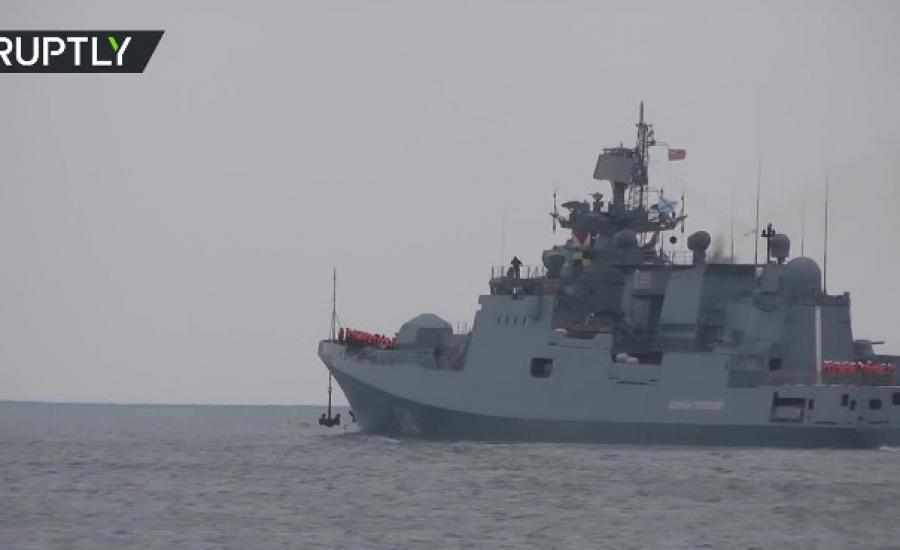 البحرية الروسية في سوريا 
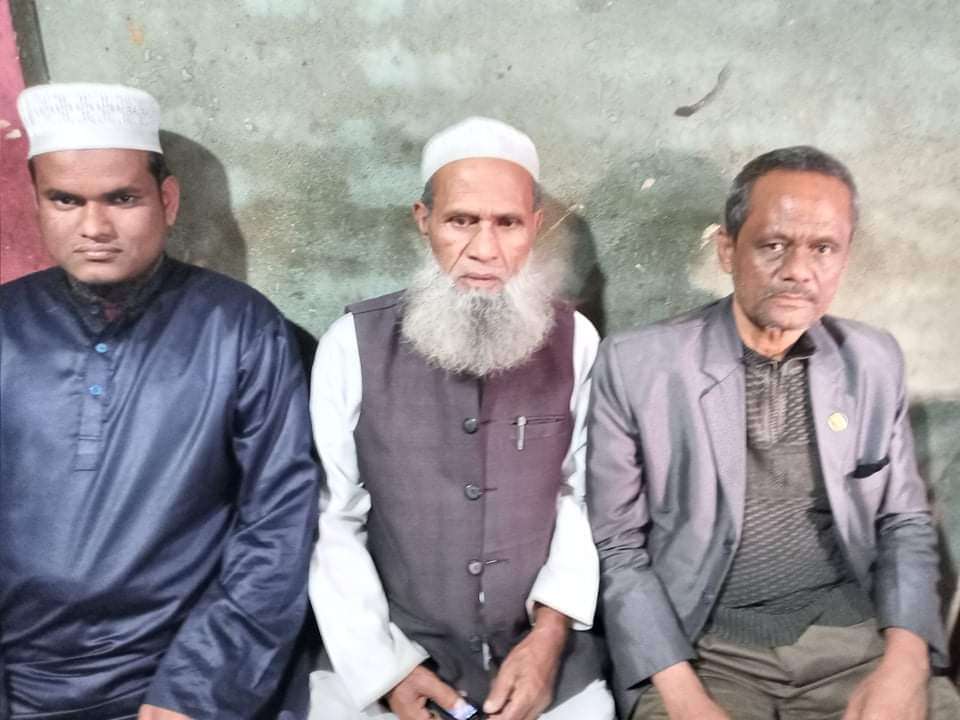 দোয়ারায় কাটাখালী বাজার শামছুল উলুম মাদ্রাসার কমিটি গঠন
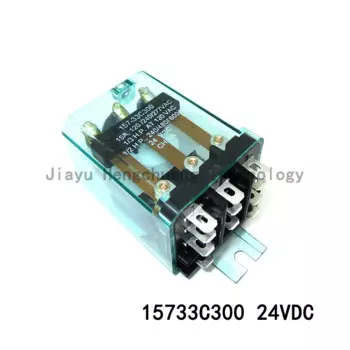 Оригинальное силовое реле 15733C300 157-33C300 15A24VDC 11-pin 3PDT, 1 шт./партия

**TASK DETAILS:** Once the pictures are removed, output the remaining material exactly.

**ANSWER SECTION:**
 البحرية الروسية في سوريا 
 দোয়ারায় কাটাখালী বাজার শামছুল উলুম মাদ্রাসার কমিটি গঠন
 Оригинальное силовое реле 15733C300 157-33C300 15A24VDC 11-pin 3PDT, 1 шт./партия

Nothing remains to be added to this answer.